MC Alger is known to be the dean of Algerian football and JS Kabylie is known to be the most successful. Both have a well-stocked record, and have been part of Algerian football folklore since the independence of Algeria. Their domination is not limited to the borders of Algeria, but also in Africa and in the Arab world. JSK with its seven African trophies and MCA, the first Algerian club to win an African cup, have often played the leading roles in international competitions. There is also the fact that these two clubs often compete for the head of the championship, but this is not the only point, there are two other causes that led to the birth of this rivalry.

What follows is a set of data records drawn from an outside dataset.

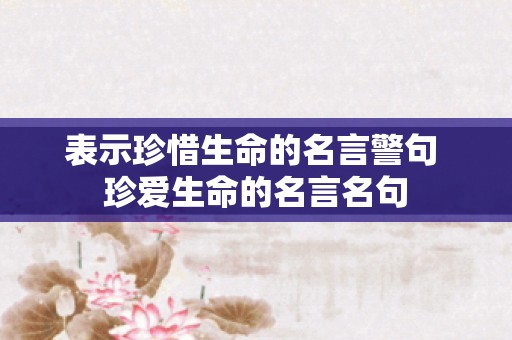 表示珍惜生命的名言警句 珍爱生命的名言名句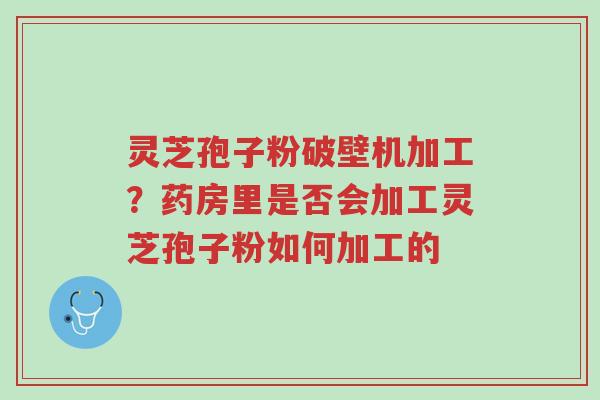 灵芝孢子粉破壁机加工?药房里是否会加工灵芝孢子粉如何加工的-第1张图片-超越 灵芝孢子粉破壁机加工?药房里是否会加工灵芝孢子粉如何加工的-第1张图片-超越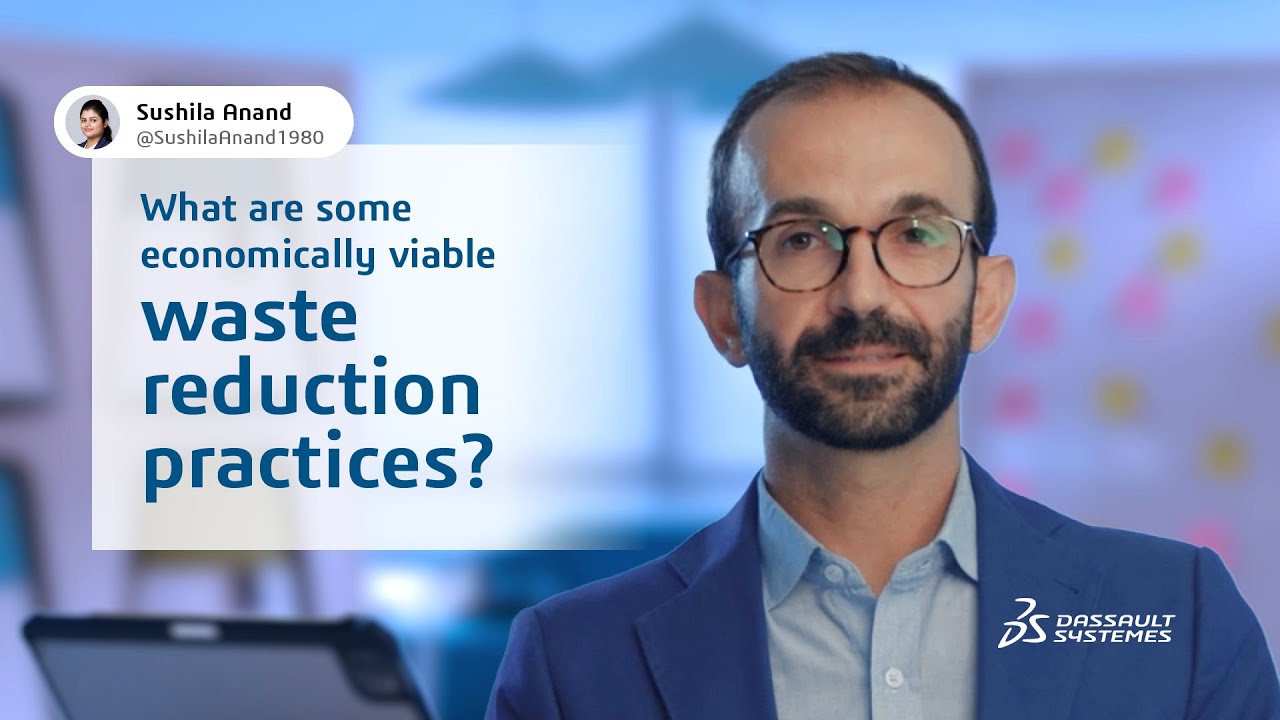 Economical waste reduction: Our industrial equipment expert explains how - #DassaultSyst&egrave;mes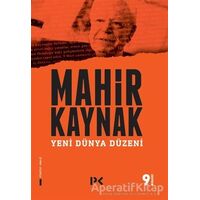 Yeni Dünya Düzeni - Mahir Kaynak - Profil Kitap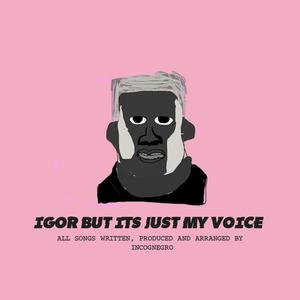 IGOR but it's just my voice (Explicit)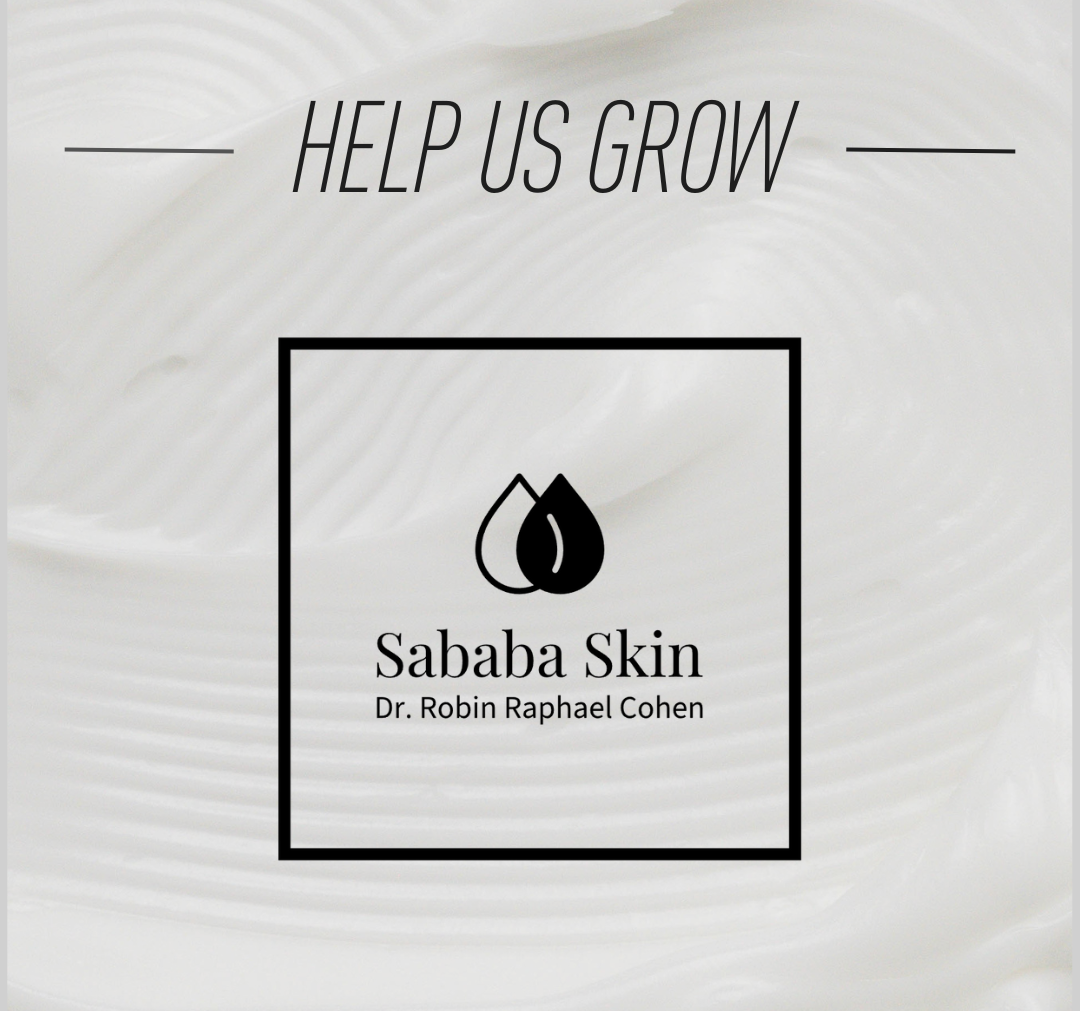 Growing Sababa Skin: An Invitation to Support Our Next Chapter
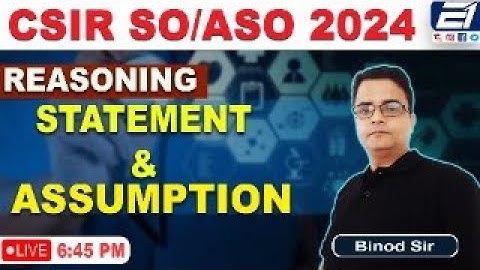 CSIR ASO /SO 2024 || REASONING - STATEMENT & ASSUMPTION ||
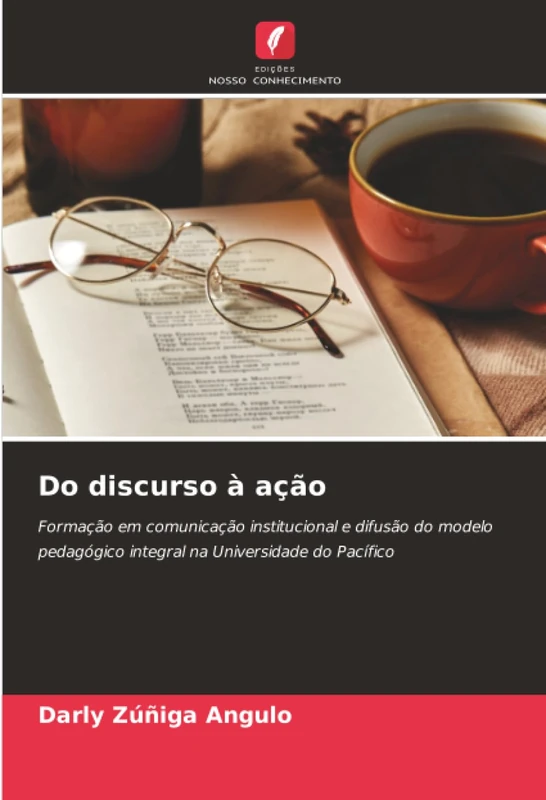 Do discurso à ação: Formação em comunicação institucional e difusão do modelo pedagógico integral na Universidade do Pacífico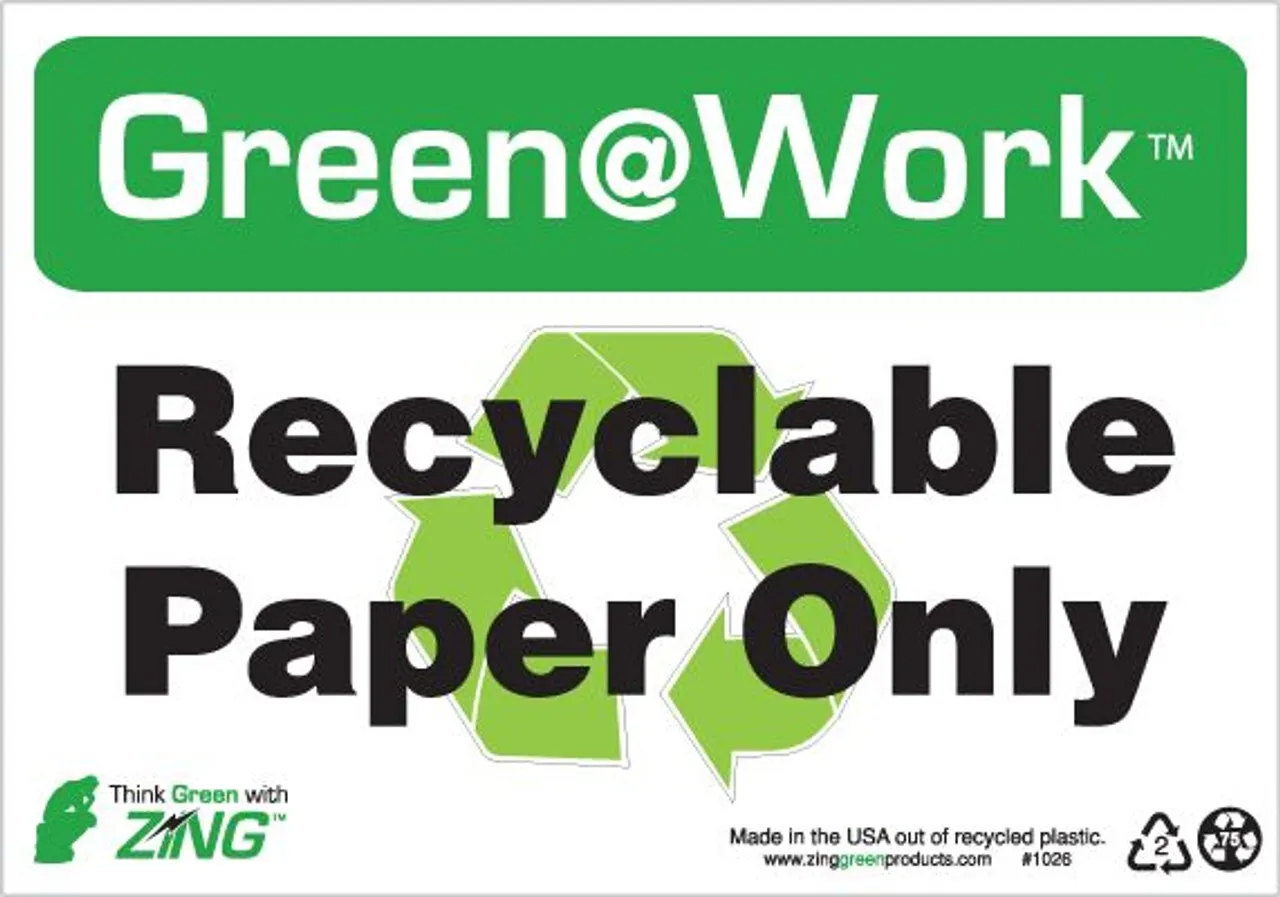 ZING Green at Work Sign, Recyclable Paper Only, Recycle Symbol, Recycled Plastic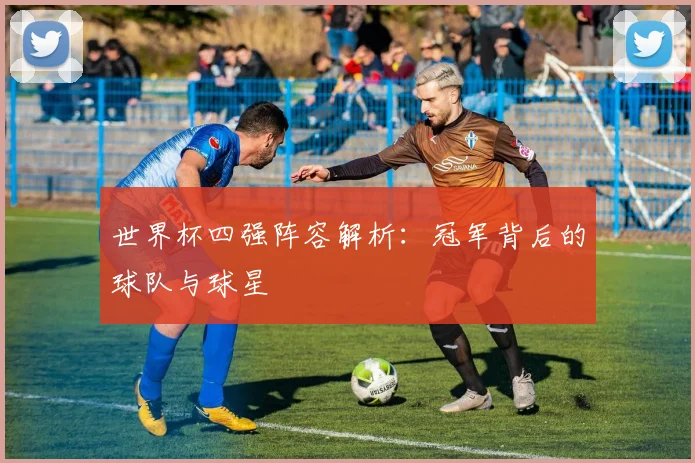 世界杯四强阵容解析：冠军背后的球队与球星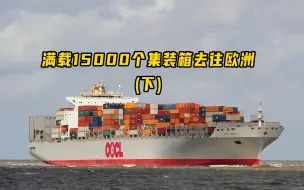 Download Video: 全程记录我轮满载15000个集装箱运往欧洲，共计11300海里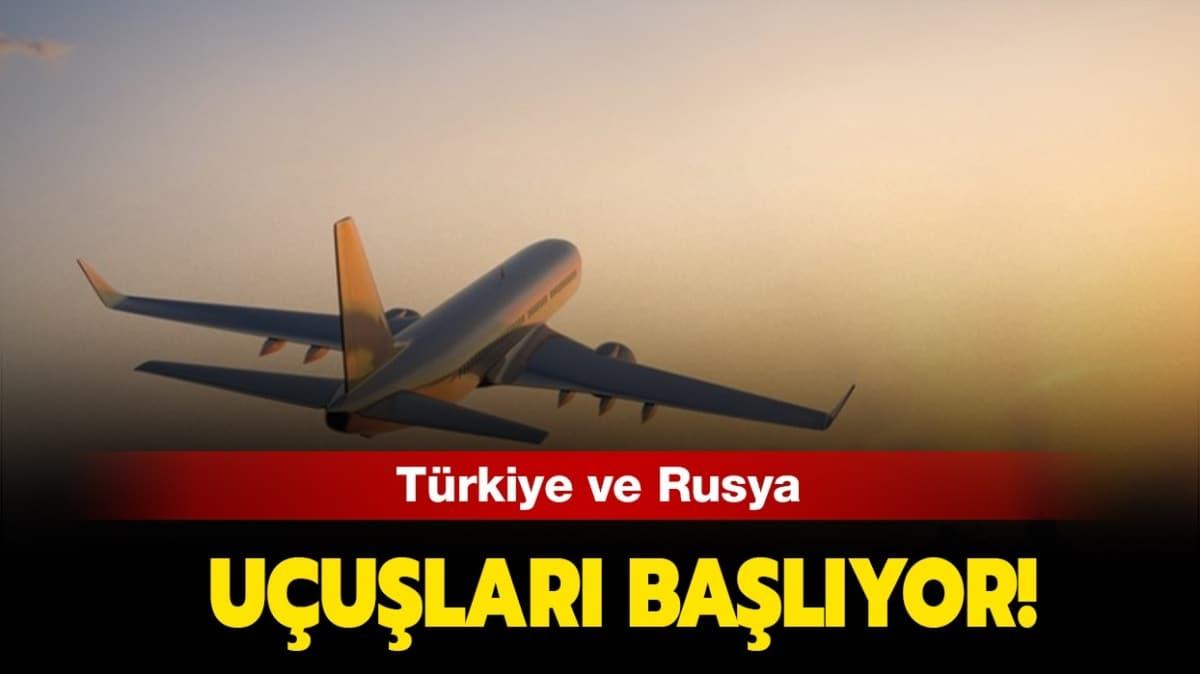 Trkiye Rusya uular iin tarih verildi! Uular ne zaman balayacak"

First of all, the two clubs have a common history since the beginnings of Algerian football. Indeed it must be remembered that during the colonial period, the JSK, a young newly created sports association, was refused subsidies from the colonial government of the time, in the town of Tizi Ouzou. He prefers to help the colonial team of the Olympique de Tizi-Ouzou which is an older formation, rather than to help the new Muslim sports association. Having no sports equipment, JS Kabylie receives help from MC Alger. This club showed them where to acquire jerseys in order to allow JSK to structure itself. The canaries which currently wear the colors yellow and green have long wore the colors red and green because of the FLN's appeal in the early years of the Algerian revolution.

== All-time head-to-head results ==

| Tournament | GP | MV | D | JV | GoalM | GoalJ |
| Ligue Professionnelle 1 | 109 | 30 | 41 | 38 | 115 | 146 |
| Ligue 2 | 2 | 0 | 1 | 1 | 4 | 5 |
| Algerian Cup | 8 | 2 | 6 | 0 | 10 | 8 |
| League Cup | 1 | 0 | 1 | 0 | 1 | 1 |
| Super Cup | 1 | 1 | 0 | 0 | 2 | 1 |
| Forconi Cup | 2 | 1 | 0 | 1 | 7 | 11 |
| TOTAL | 122 | 34 | 48 | 40 | 138 | 171 |
| GP: Games Played |
| MV: MC Alger Victory |
| D: Draw |
| JV: JS Kabylie Victory |
| GoalM: MC Alger Goals |
| GoalJ: JS Kabylie Goals |

==All-Time Top Scorers==

| Player | Club | Ligue 1 | Algerian Cup | League Cup | Super Cup | Total |
|---|---|---|---|---|---|---|
| ALG Abdeslam Bousri | MC Alger | 7 | — | — | — | 7 |
| ALG Mourad Aït Tahar | MC Alger, JS Kabylie | 7 | — | — | — | 7 |
| ALG Mourad Tebbal | MC Alger | 6 | — | — | — | 6 |
| ALG Omar Betrouni | MC Alger | 6 | — | — | — | 6 |
| ALG Mokrane Baïleche | JS Kabylie | 5 | — | — | — | 5 |
| ALG Rachid Baris | JS Kabylie | 5 | — | — | — | 5 |
| ALG Nacer Bouiche | JS Kabylie | 4 | — | — | — | 4 |
| ALG Djamel Menad | JS Kabylie | 4 | — | — | — | 4 |
| ALG Tarek Hadj Adlane | JS Kabylie | 4 | — | — | — | 4 |

===Hat-tricks===
A hat-trick is achieved when the same player scores three or more goals in one match. Listed in chronological order.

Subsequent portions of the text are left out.